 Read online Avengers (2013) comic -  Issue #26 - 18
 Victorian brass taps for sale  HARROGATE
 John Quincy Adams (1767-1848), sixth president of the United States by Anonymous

==

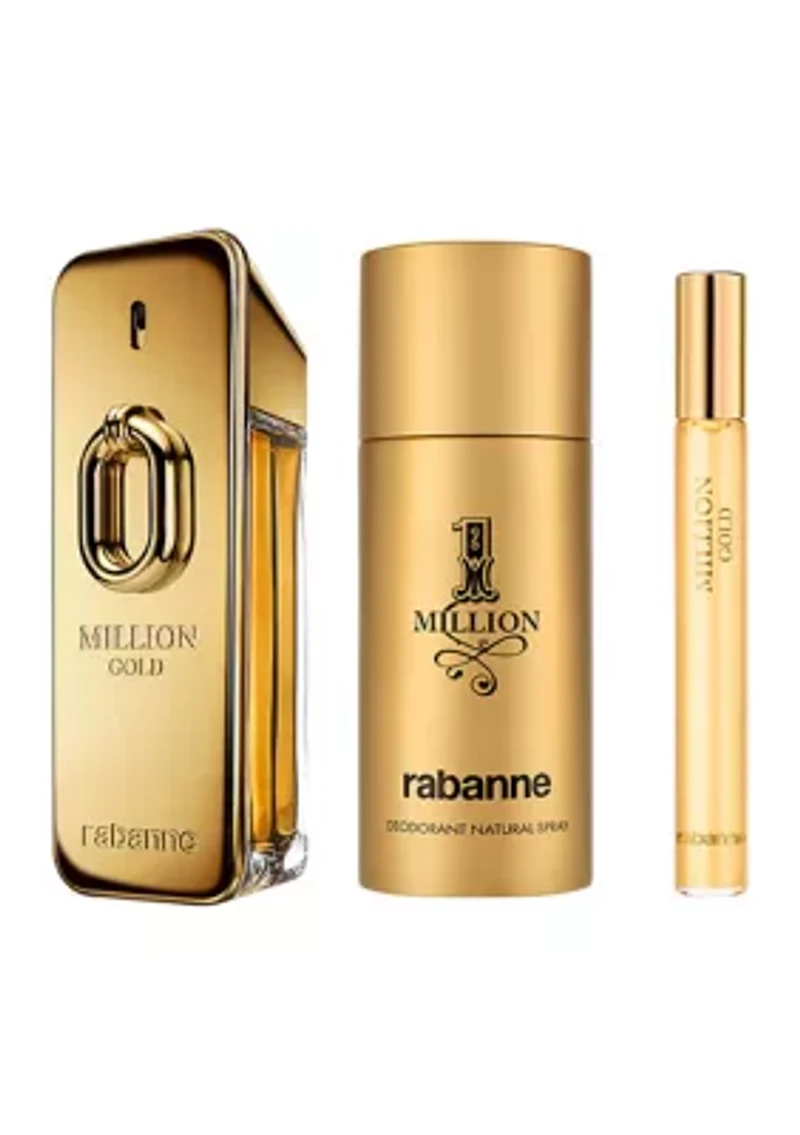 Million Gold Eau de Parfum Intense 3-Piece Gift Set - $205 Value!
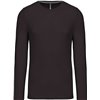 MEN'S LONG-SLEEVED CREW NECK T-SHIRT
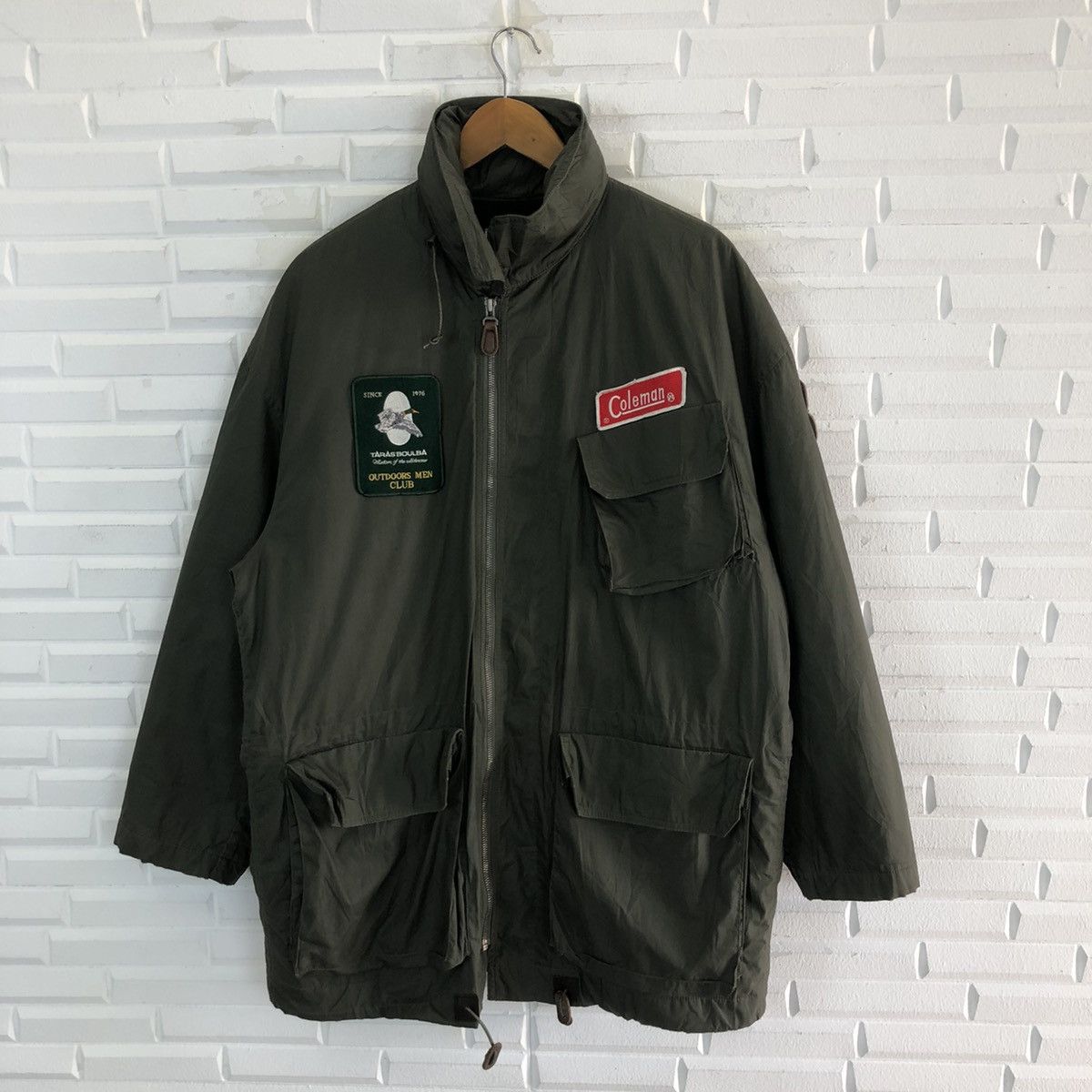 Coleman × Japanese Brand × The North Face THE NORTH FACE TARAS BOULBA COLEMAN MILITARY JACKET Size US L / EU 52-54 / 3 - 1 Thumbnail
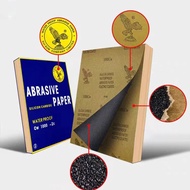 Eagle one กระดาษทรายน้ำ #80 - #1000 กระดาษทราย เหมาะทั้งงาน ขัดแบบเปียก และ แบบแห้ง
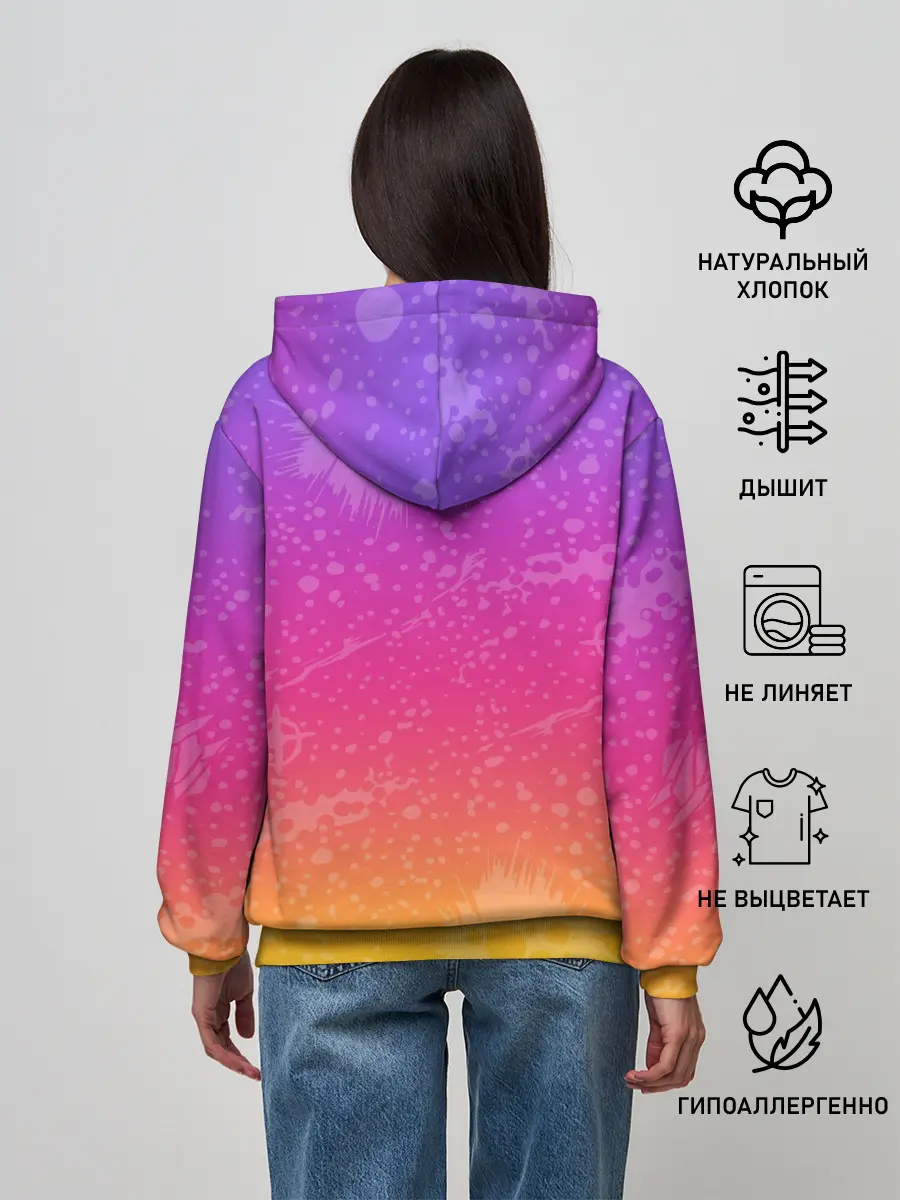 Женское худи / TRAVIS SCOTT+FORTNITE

==

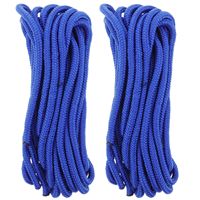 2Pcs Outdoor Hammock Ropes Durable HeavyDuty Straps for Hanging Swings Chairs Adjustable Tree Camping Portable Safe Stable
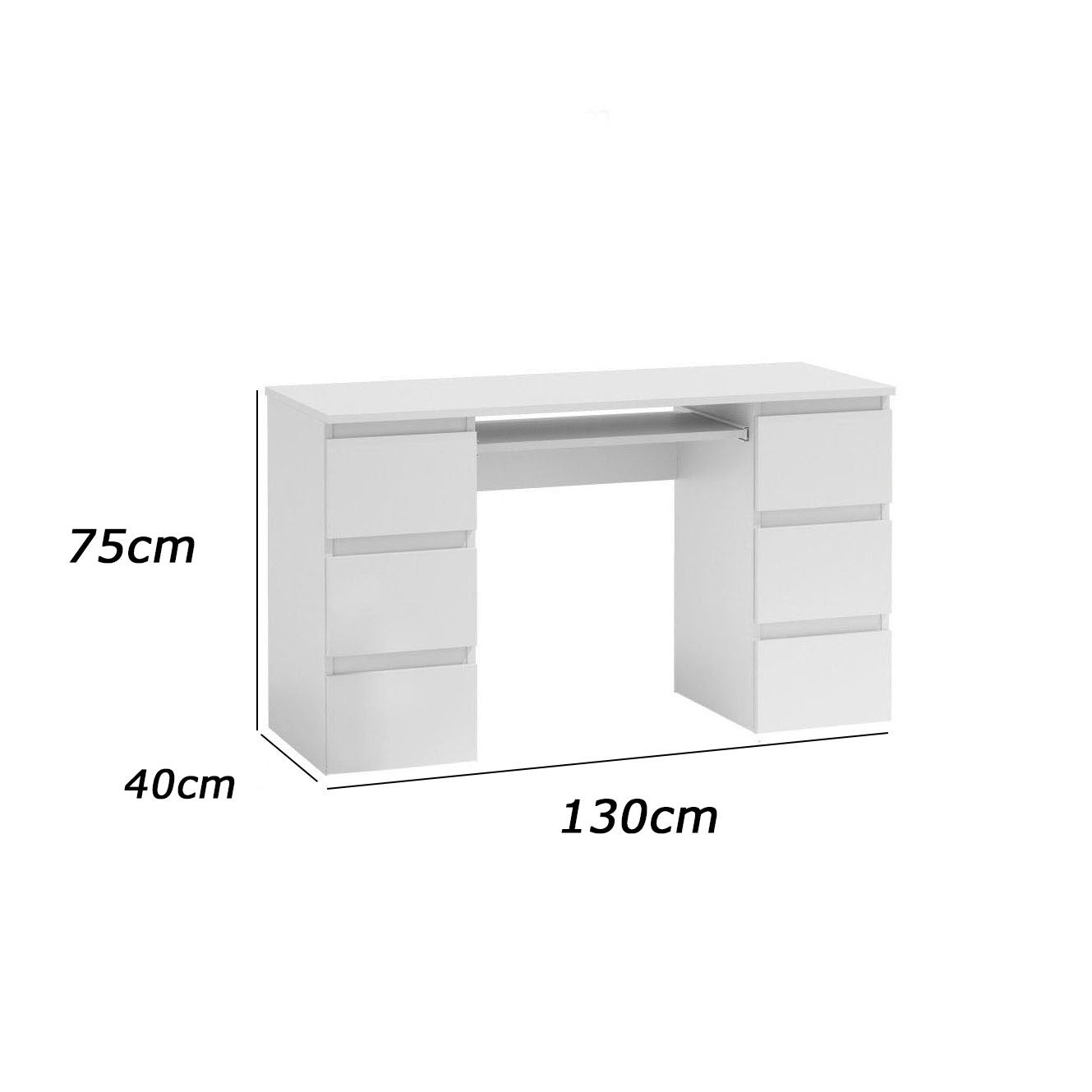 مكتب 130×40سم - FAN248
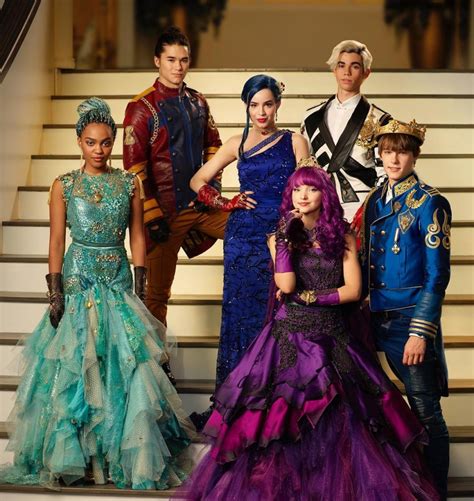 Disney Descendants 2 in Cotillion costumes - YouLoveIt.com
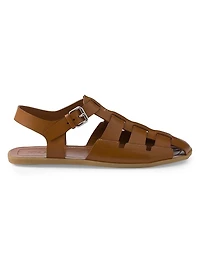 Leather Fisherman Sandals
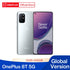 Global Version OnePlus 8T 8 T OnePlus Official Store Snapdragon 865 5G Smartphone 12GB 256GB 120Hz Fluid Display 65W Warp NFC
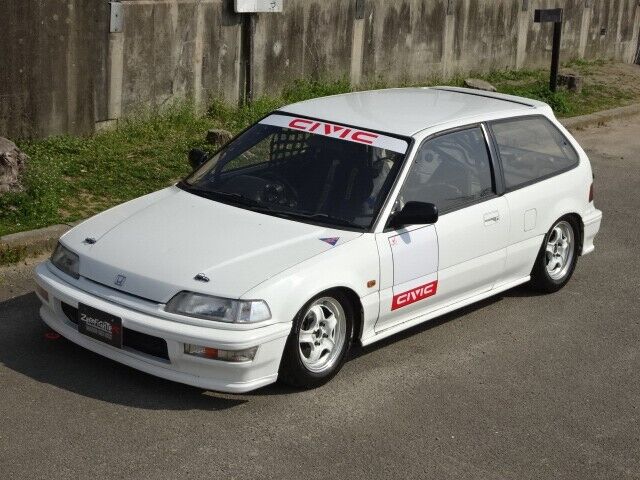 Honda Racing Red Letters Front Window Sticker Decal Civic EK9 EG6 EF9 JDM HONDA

- [Work order]
Given the listing above, repeat exactly the lines starting at the one with "Eagle one กระดาษทรายน้ำ" and ending at the one with "Женское худи / TRAVIS SCOTT+FORTNITE", inclusive, excluding pictures.

- [Response to the task]
 Eagle one กระดาษทรายน้ำ #80 - #1000 กระดาษทราย เหมาะทั้งงาน ขัดแบบเปียก และ แบบแห้ง
 Женское худи / TRAVIS SCOTT+FORTNITE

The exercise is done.